One of the things that can be tough to judge on the trail is how much speed we need to clear a particular jump. In order to get better at making last minute adjustments, I often have riders work on varying their speed while riding a jump they are comfortable with.

The first thing I teach riders is to feel the difference between being active and being passive or slightly passive off a jump. When I’m active or wanting a lot of air for the speed I’m traveling, I firm my quads up into the jump face. In doing this, I find I have a relatively tall stance and create a lot of compression which ends up providing more rebound and more air time.
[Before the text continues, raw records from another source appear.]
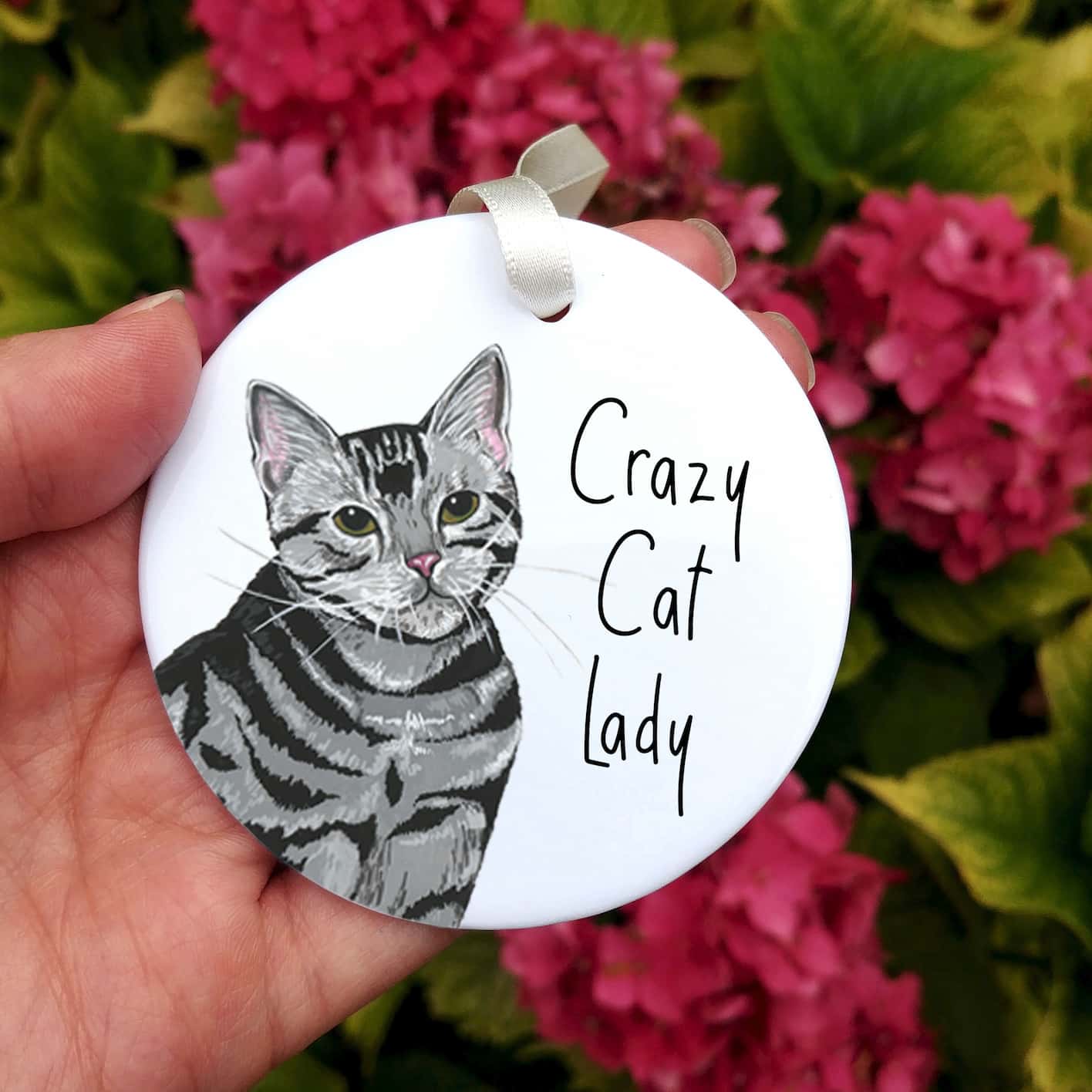 Crazy Cat Lady Ceramic Hanging Ornament | Cat Keepsake | Cat Lover Gift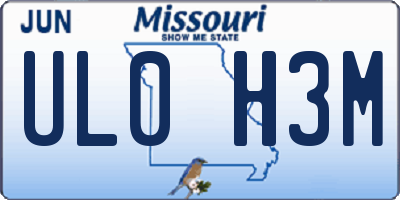 MO license plate UL0H3M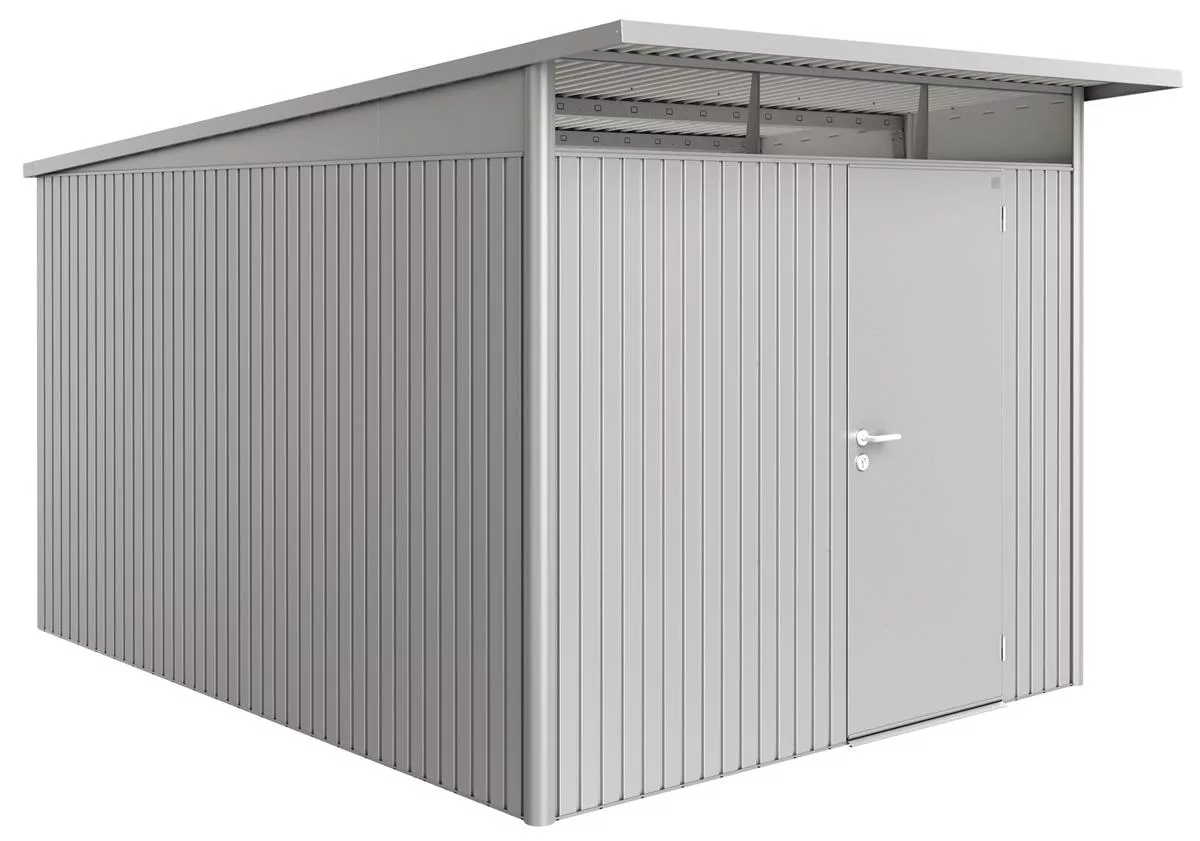 Biohort Gerätehaus AvantGarde, silber-metallic, Standardtür, 260 x 380 x 222 cm (Größe A8)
It also creates a situation where my bike is further away from my body than when being passive as my limbs are more extended in order to create compression.

If I approach the same jump at a greatly increased speed, I’ll need to change the way I create compression into my legs. When being more passive or taking a jump faster than I think I need to in order to clear it, I’ll actually absorb some of the jump into my legs and arms. This creates a situation where the bike is relatively close to the body in the air. This is a great way to blow off the extra energy of a jump when approaching at a speed greater than the minimum needed to clear it. I call this being passive.

Once you have this technique dialed in, you can move into blowing off energy in a lateral direction by counter directional steering in the air, or by creating a turn down scrub.

Having the ability to make last minute changes to your takeoff will go a long way toward creating confidence on the trail.